We’re leaving today for a Carolinas Unit of NC airstream club rally in Mt Airy NC then Sunday for points west and way west. The preparations for today seem to have snuck up on us although we’ve known all summer we’d be leaving this week. We forget how much there is to do when you unpack the trailer and move out of it for a little while (like all summer, off and on).
Jim planned two not-so-major tasks for yesterday afternoon, having already lined up almost everything else. He only wanted to refill the fresh water tank we drained last night and adjust the Airstream’s four drum brakes. Neither job is complicated and neither takes much time, maybe an hour total for both.
We’ve been clicking along really well this week, marking things off our list each day and feeling pretty good about everything. Wednesday Jim thought he should run the little Yamaha 1kw generator an hour or so just to keep it happy. Unhappily, it wouldn’t start. Seems Jim has fallen down on monthly test runs on the poor little genset and the gas just went bad.
Happily there is a new outdoor equipment place only one block away from where we’ve been staying all summer. Time passes so quickly on some things — we had no idea we had been using (mostly carrying around) this generator since 2006. It has worked so well, always starting right away whenever Jim pulls on the cord. And Thursday afternoon Kannapolis Power Equipment gave us the generator with an oil change, a new spark plug, new gasoline, and a cleaned-out carburetor.
But back to the breaks. I mean, the brakes. Jim adjusted the two street-side brakes and started on the curb-side rear wheel brake when he saw he needed to reattach the water heater’s propane gas line under the trailer and replace a missing rivet in the belly pan nearby. He completed these and adjusted the brake without incident.
When he prepared to adjust the front curb-side wheel’s brake he noticed the shock absorber was missing the washer and nut at the top mount. Jim tried to reach over or around the tire and just couldn’t get access to the mounting with the tire in the way.

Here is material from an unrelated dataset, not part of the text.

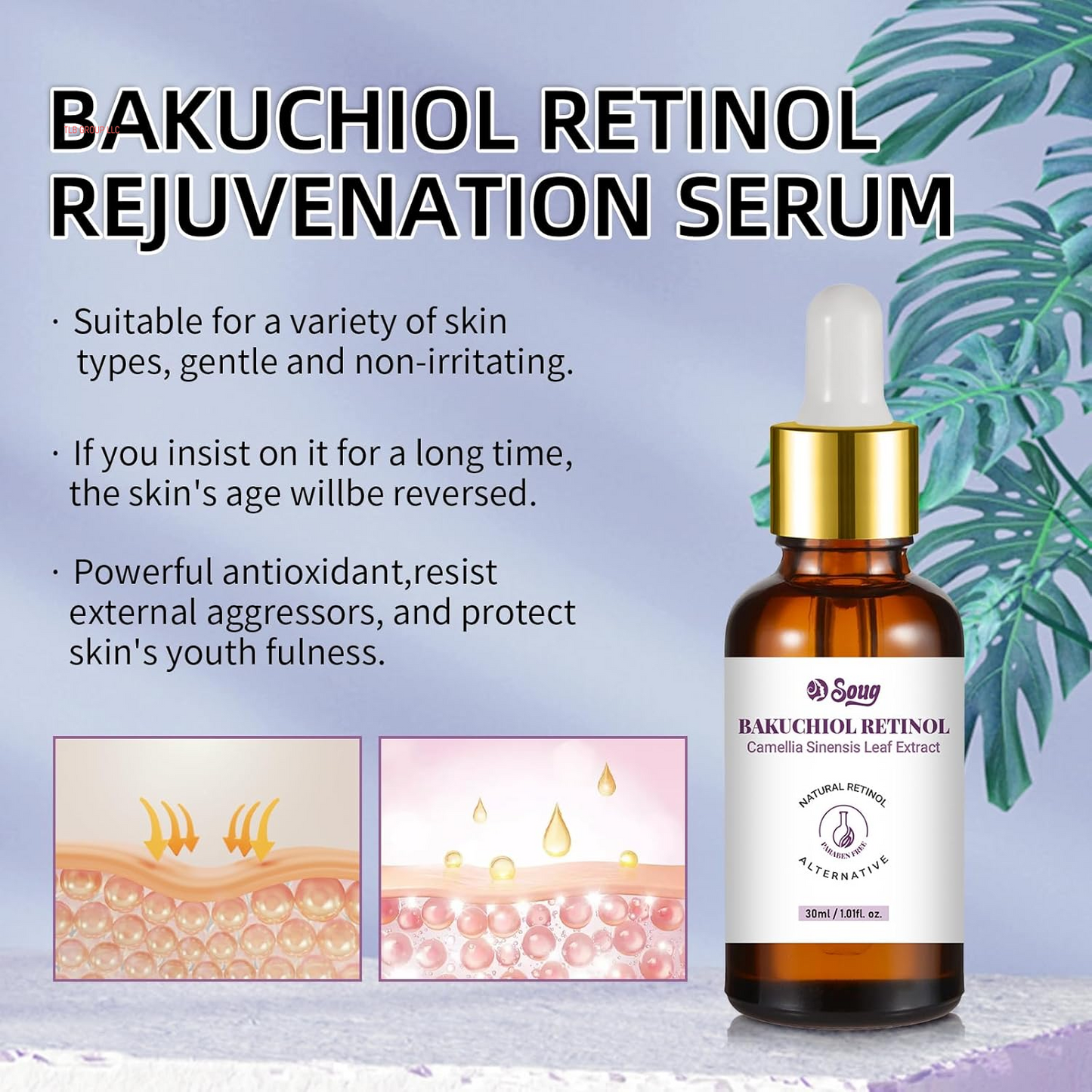 Bakuchiol Retinol Serum, 2 PCS Retinol Rejuvenation Serum for anti Aging & Reduce Wrinkles, Fine Lines & Sagging, Moisturising Skin, 2.02 Fl.Oz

But also cannot remove the wheel while it’s in the air because cannot break the lug nuts loose on a spinning wheel.
Jim lowered the trailer to the ground, loosened the lug nuts, raised the trailer, and removed the wheel. He used a thick washer and a nut from his junk box to refasten the shock to the mount and realized he would need to check all three other wheels for the shock absorber mounting. Guess what he found?
The other curb-side wheel’s shock also was missing the washer and nut at the top mount, although the two street-side wheel’s shocks were fully attached. Again with the loosening of lugnuts, removing the rear curb-side wheel, installing another washer and nut while again busting knuckles in the tight clearance of the wheel well.
We don’t know when these shock absorber mounting nuts came loose or why. Jim used Loctite threadlocker blue on these two repairs so they will hopefully be good until time to replace shocks.
And we’ve added another inspection point on our trailer’s annual brake inspection and bearing lube job — check shock absorber mounts, top and bottom. We might encounter no surprises when we only want to adjust the Airstream’s brakes, eh?